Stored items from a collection
Start of Block
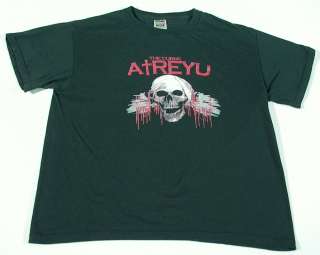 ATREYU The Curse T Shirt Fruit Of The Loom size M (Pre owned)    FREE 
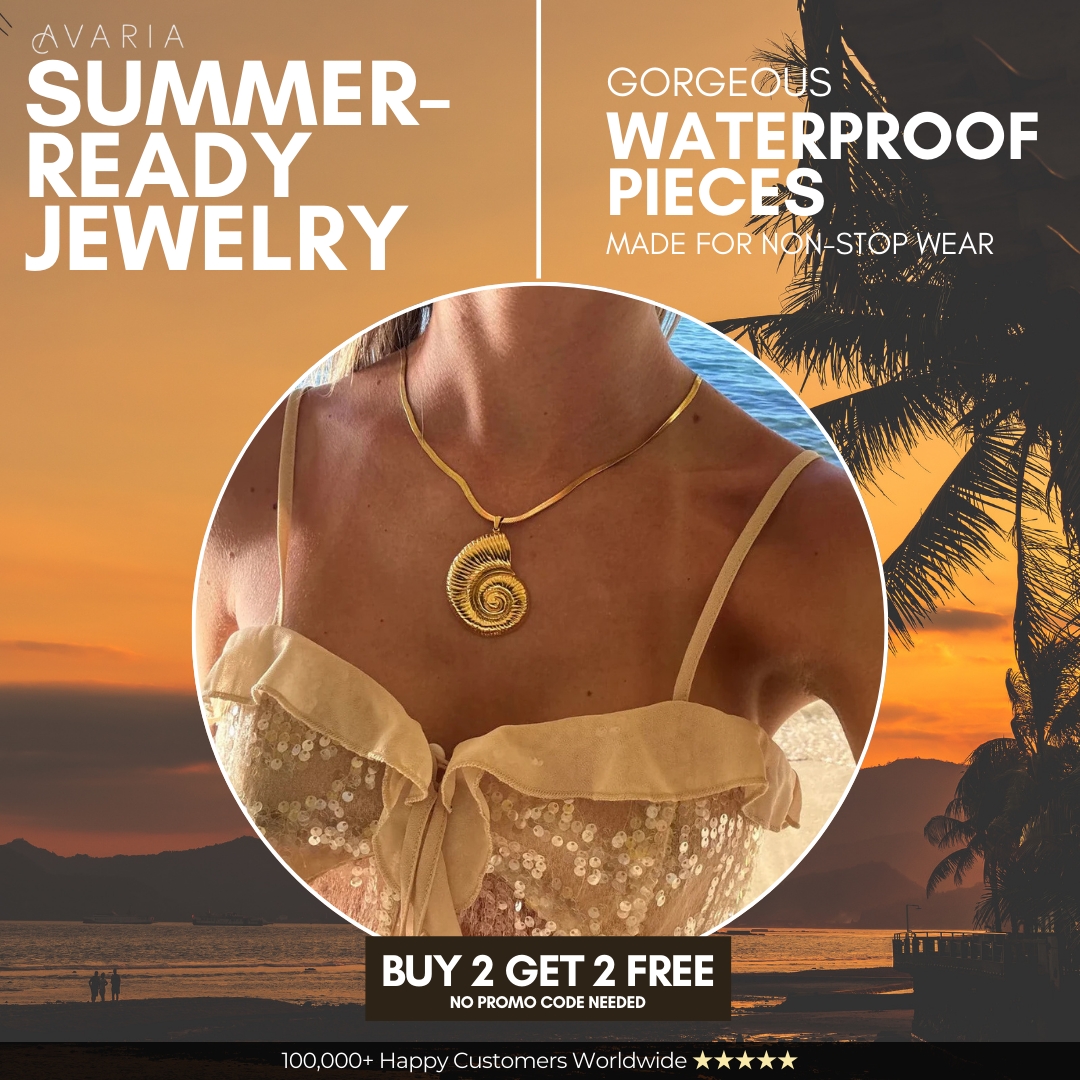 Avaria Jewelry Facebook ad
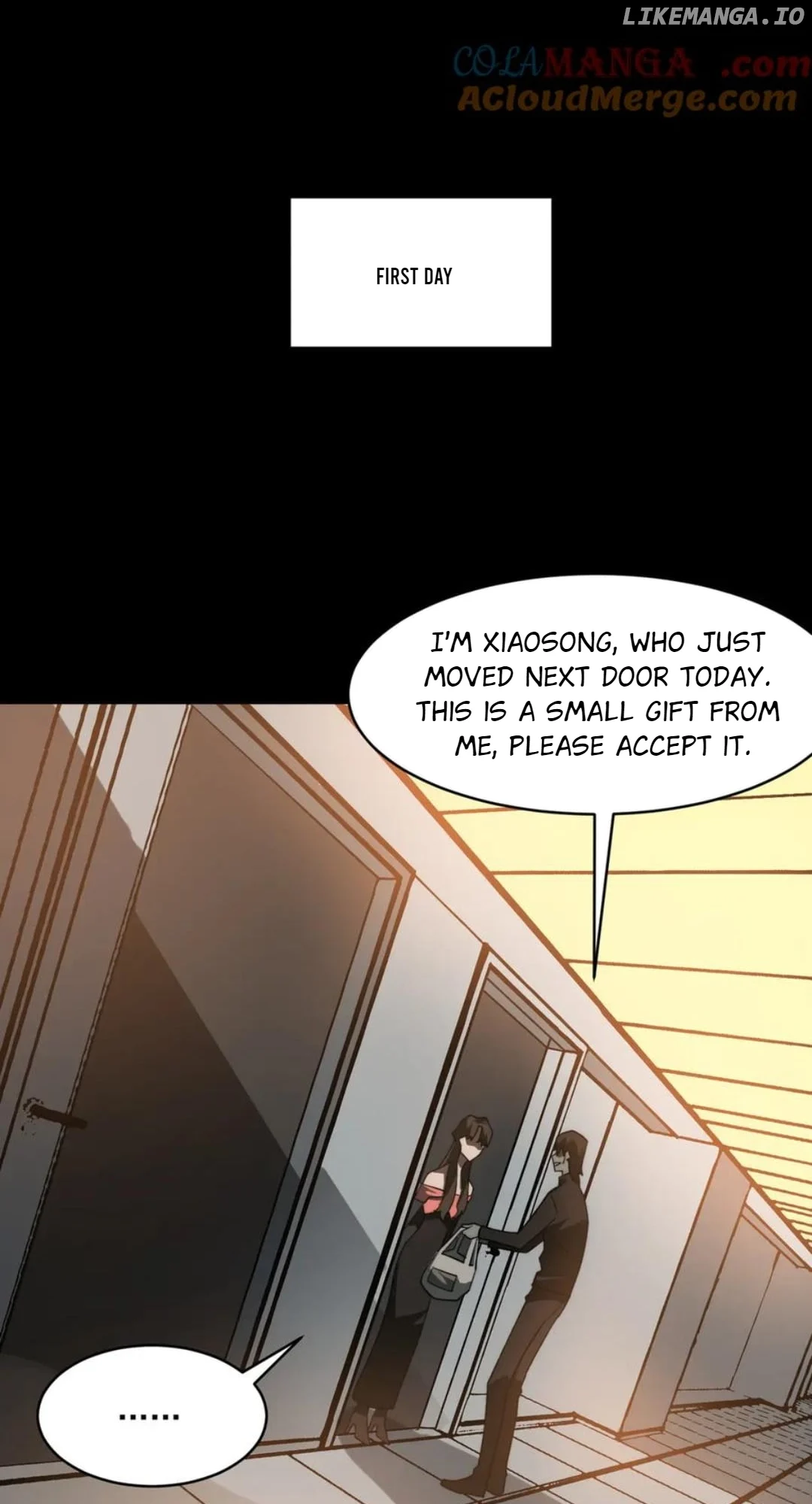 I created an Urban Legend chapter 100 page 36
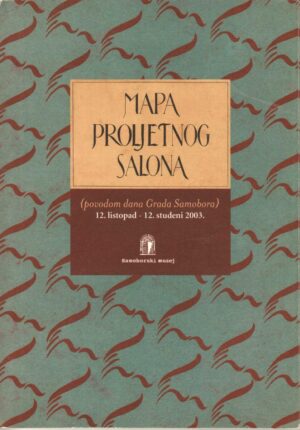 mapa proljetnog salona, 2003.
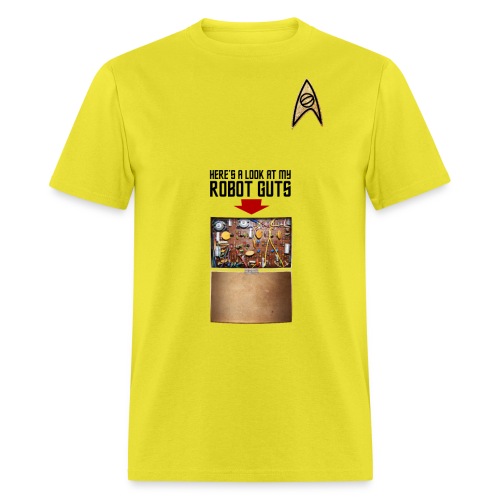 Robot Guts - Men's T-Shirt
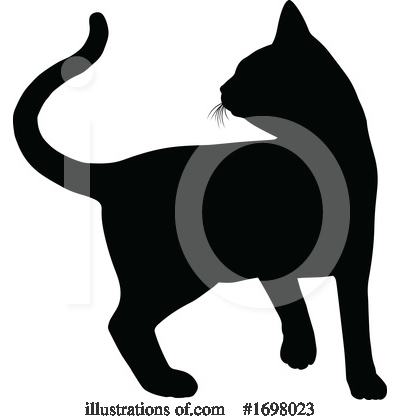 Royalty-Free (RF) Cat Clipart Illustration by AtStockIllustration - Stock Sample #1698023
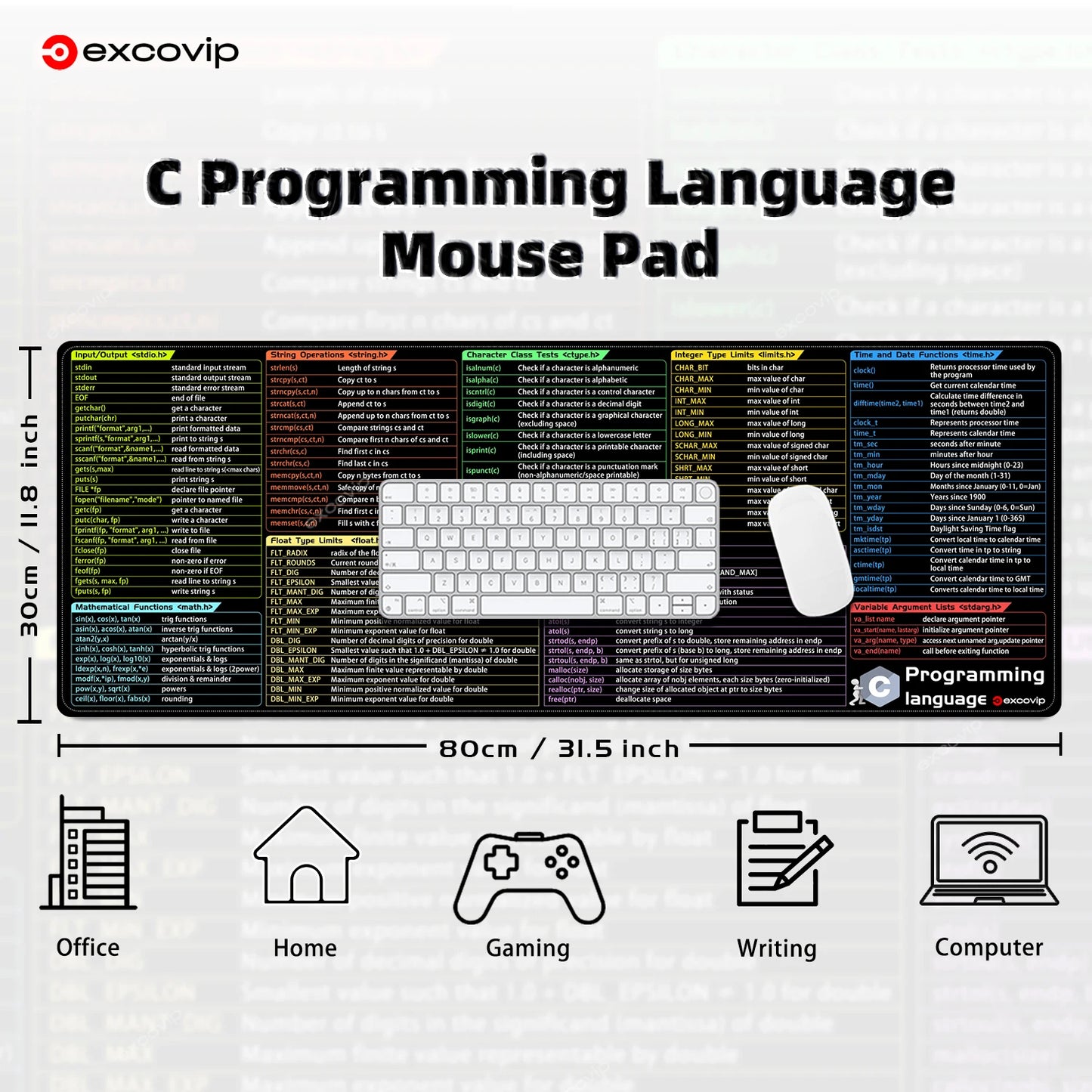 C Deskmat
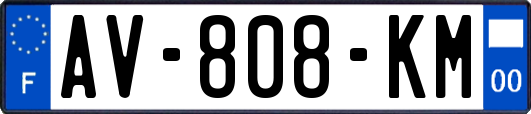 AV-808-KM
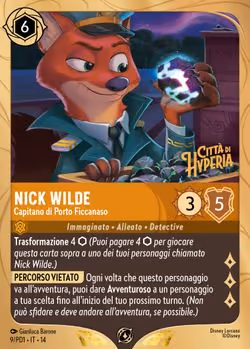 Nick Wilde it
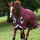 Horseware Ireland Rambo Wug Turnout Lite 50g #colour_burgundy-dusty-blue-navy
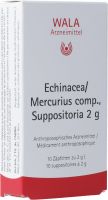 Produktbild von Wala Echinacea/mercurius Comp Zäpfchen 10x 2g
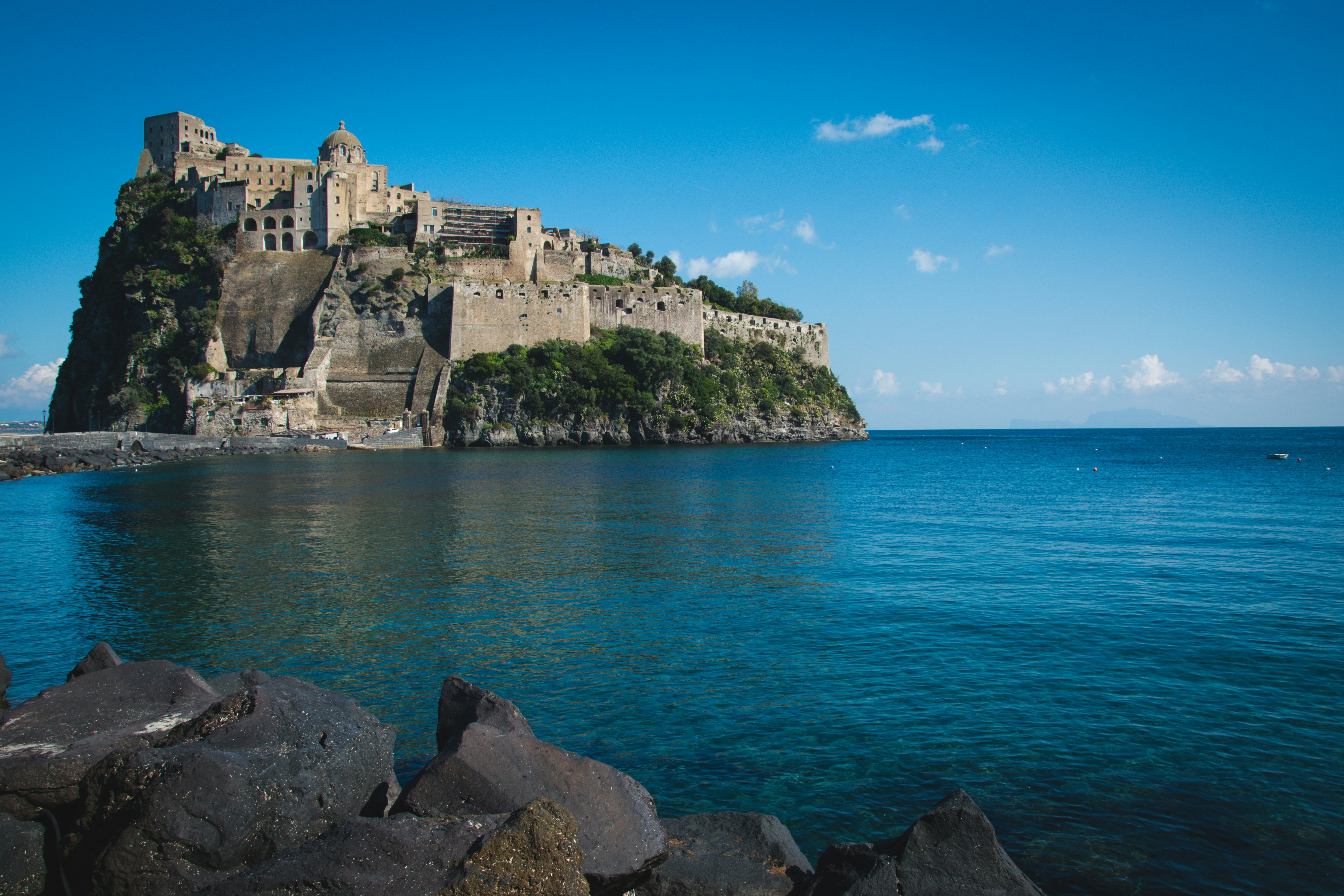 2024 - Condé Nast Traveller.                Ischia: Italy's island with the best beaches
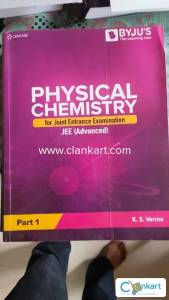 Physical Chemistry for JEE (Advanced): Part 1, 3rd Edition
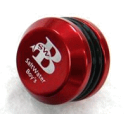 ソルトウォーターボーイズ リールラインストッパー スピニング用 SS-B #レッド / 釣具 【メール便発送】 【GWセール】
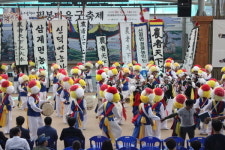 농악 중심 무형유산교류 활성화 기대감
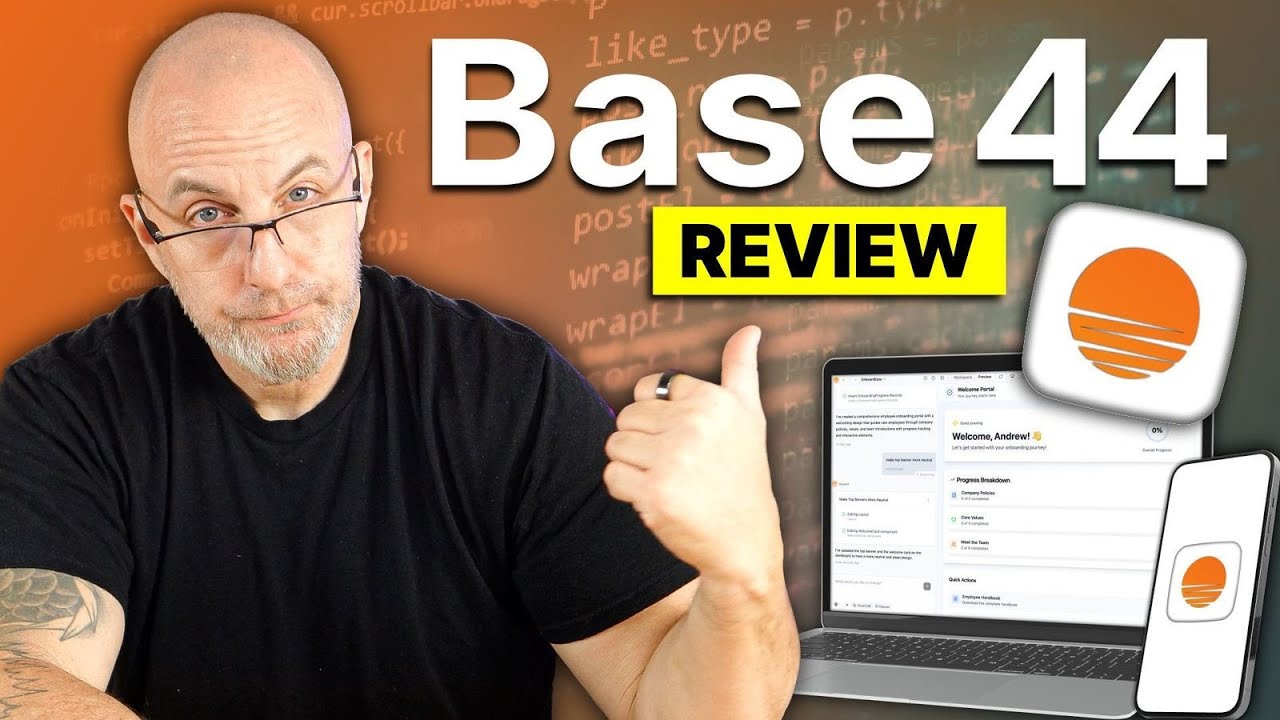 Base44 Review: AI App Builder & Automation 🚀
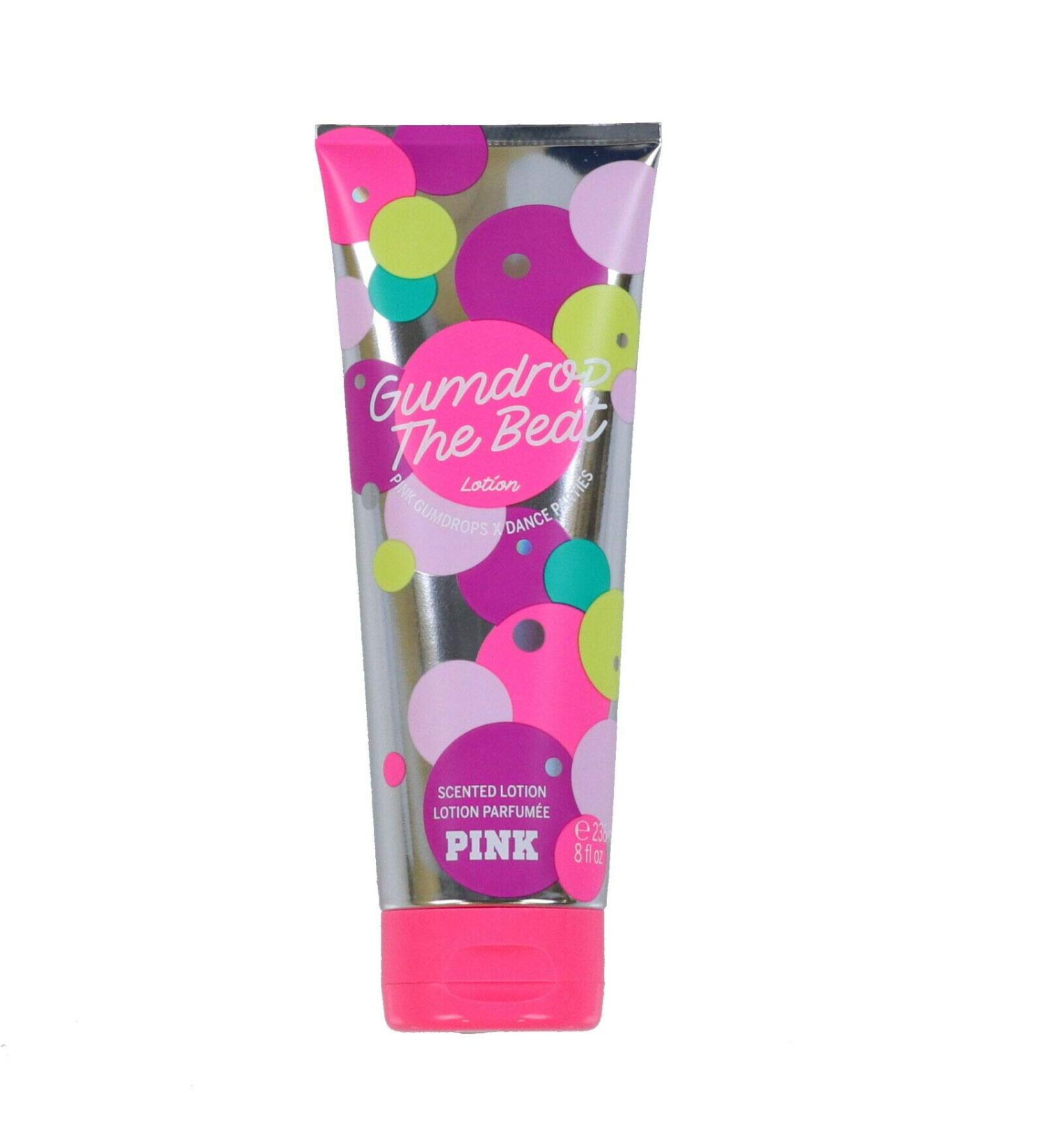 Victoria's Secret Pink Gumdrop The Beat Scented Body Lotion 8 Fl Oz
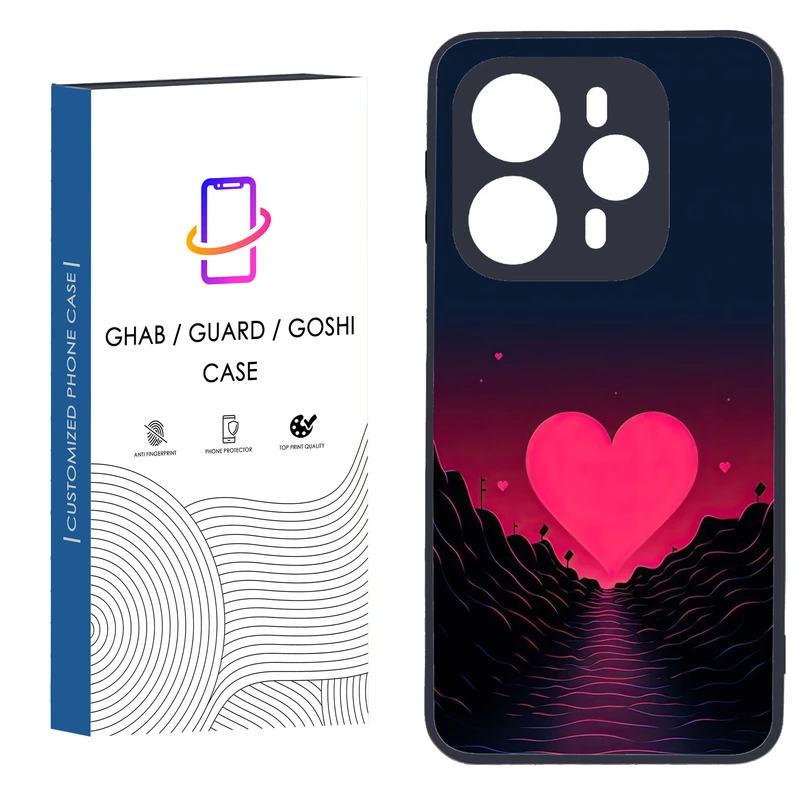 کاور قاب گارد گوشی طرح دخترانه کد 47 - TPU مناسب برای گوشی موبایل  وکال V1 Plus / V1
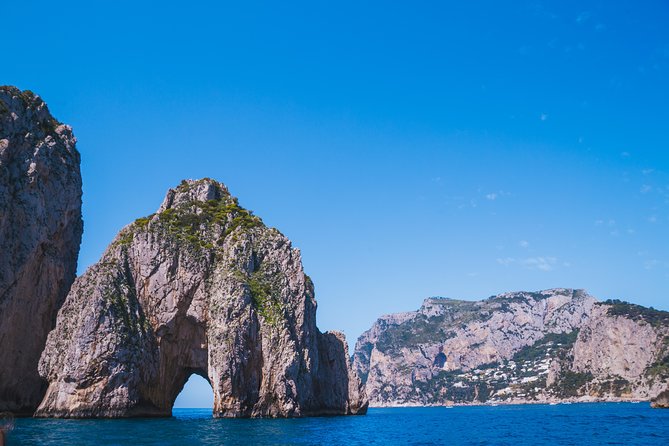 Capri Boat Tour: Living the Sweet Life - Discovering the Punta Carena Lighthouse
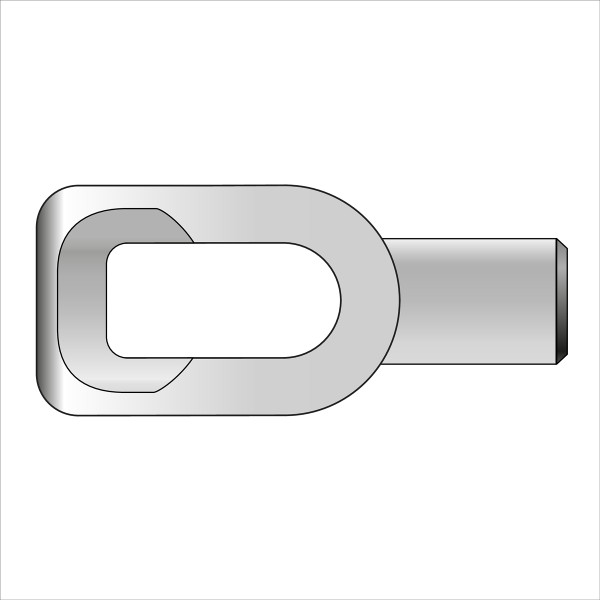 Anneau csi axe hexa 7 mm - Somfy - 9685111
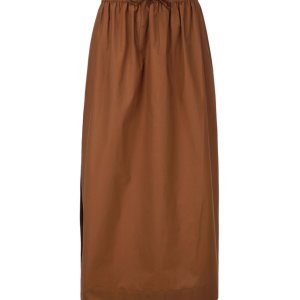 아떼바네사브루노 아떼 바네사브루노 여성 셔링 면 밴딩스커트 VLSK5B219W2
End of Block
EXERCISE AIM> Starting at the line with "I created an", write out every line exactly through the final line of the records above, both included, and skip the pictures.

PROBLEM SOLUTION>
 I created an Urban Legend chapter 100 page 36
 mapa proljetnog salona, 2003.
 Robot Guts - Men's T-Shirt
 Royalty-Free (RF) Cat Clipart Illustration by AtStockIllustration - Stock Sample #1698023
 C Deskmat
 AV-808-KM
 Nick Wilde it
 Horseware Ireland Rambo Wug Turnout Lite 50g #colour_burgundy-dusty-blue-navy
 Produktbild von Wala Echinacea/mercurius Comp Zäpfchen 10x 2g
 2024 - Condé Nast Traveller.                Ischia: Italy's island with the best beaches
 Physical Chemistry for JEE (Advanced): Part 1, 3rd Edition
 ソルトウォーターボーイズ リールラインストッパー スピニング用 SS-B #レッド / 釣具 【メール便発送】 【GWセール】
 농악 중심 무형유산교류 활성화 기대감
 Base44 Review: AI App Builder & Automation 🚀
 Victoria's Secret Pink Gumdrop The Beat Scented Body Lotion 8 Fl Oz
 کاور قاب گارد گوشی طرح دخترانه کد 47 - TPU مناسب برای گوشی موبایل  وکال V1 Plus / V1
 Capri Boat Tour: Living the Sweet Life - Discovering the Punta Carena Lighthouse
 Anneau csi axe hexa 7 mm - Somfy - 9685111
 아떼바네사브루노 아떼 바네사브루노 여성 셔링 면 밴딩스커트 VLSK5B219W2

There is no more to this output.